(Problem): Given the material below, return only the lines starting at the line with "Printed Cork Placemat Set of 4 (Various)" and ending at the line with "Sengestel med madras Sort 160 x 200 cm Stof", exactly as they appear.

(Provided records):
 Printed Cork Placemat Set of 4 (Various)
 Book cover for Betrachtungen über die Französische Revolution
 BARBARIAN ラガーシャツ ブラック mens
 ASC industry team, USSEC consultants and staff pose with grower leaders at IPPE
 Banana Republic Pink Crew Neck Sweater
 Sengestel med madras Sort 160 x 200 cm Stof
* * *
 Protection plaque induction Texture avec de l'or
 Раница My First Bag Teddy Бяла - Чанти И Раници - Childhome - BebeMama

(Response):
 Printed Cork Placemat Set of 4 (Various)
 Book cover for Betrachtungen über die Französische Revolution
 BARBARIAN ラガーシャツ ブラック mens
 ASC industry team, USSEC consultants and staff pose with grower leaders at IPPE
 Banana Republic Pink Crew Neck Sweater
 Sengestel med madras Sort 160 x 200 cm Stof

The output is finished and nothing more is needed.